Following the inquiry, the Commission decided to continue scrutinising patent settlements in the sector, particularly where the object of the settlement is the sharing of proceeds, flowing from an originator to a generic company, to the disadvantage of the European public.

The Commission published monitoring reports in July 2010, 2011 and 2012, tracking the number of pay-for-delay agreements concluded. These monitoring reports indicated that the number of pay-for-delay agreements entered into since the inquiry has decreased. This is perhaps not surprising, given the Commission’s investigatory activity in this area and the Lundbeck (citalopram) and Les Laboratoires Servier (perindopril) cases.

DECISION

The report states that the number of pay-for-delay settlements concluded per annum after the inquiry has more or less evened out at the lower level of approximately 10 per cent of all pharmaceutical sector patent settlements.

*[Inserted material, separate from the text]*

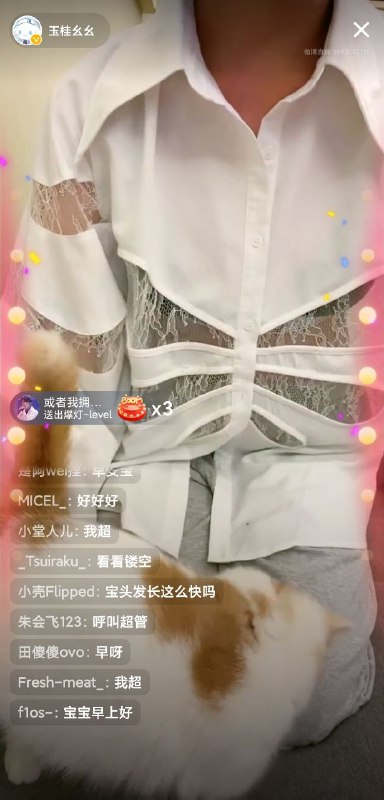 来点大伙想看的东西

Overall, however, the report states that the incidence of patent settlements in general is on the rise, with 183 patent settlement agreements concluded in the European Economic Area in 2012, compared with an average of 24 settlements per year from January 2000 to 30 June 2008.

While the report does concede that the increase in patent settlements concluded in the last few years may be ascribed to a variety of factors (such as a general increase in litigation and disputes, new legislation taking effect that promotes settlement or drugs coming off patent protection), it is being used by the Commission as evidence that its scrutiny of pay-for-delay settlements has not dampened settlement activity in general.

The report also highlights a change in the nature of value transfer provided by originator companies in settlements concluded in 2012. It found that 83 per cent of the settlements allowed early generic entry, in some cases combined with a licence and/or a supply agreement. A direct monetary payment was found in only 17 per cent of the settlements reported during 2012. This is a dramatic decrease when compared with the 51 per cent direct payments statistic included in the inquiry.

COMMENT

The Commission’s monitoring reports only describe the results of the Commission’s monitoring practice and do not imply any decision in respect of any potential further investigation of any settlement agreements reported.

The report comes during a period of intense criticism of the Commission’s stance on patent settlements in an antitrust context. Both the pharmaceutical and legal industry have voiced objections to the approach adopted by the Commission and have questioned the merit in discouraging settlement of litigation, suggesting that it will actually decrease competition in the long term.

Although the pay-for-delay cases have been focussed on the pharmaceutical industry, it is worth noting that the principles arising from them have general application across all sectors.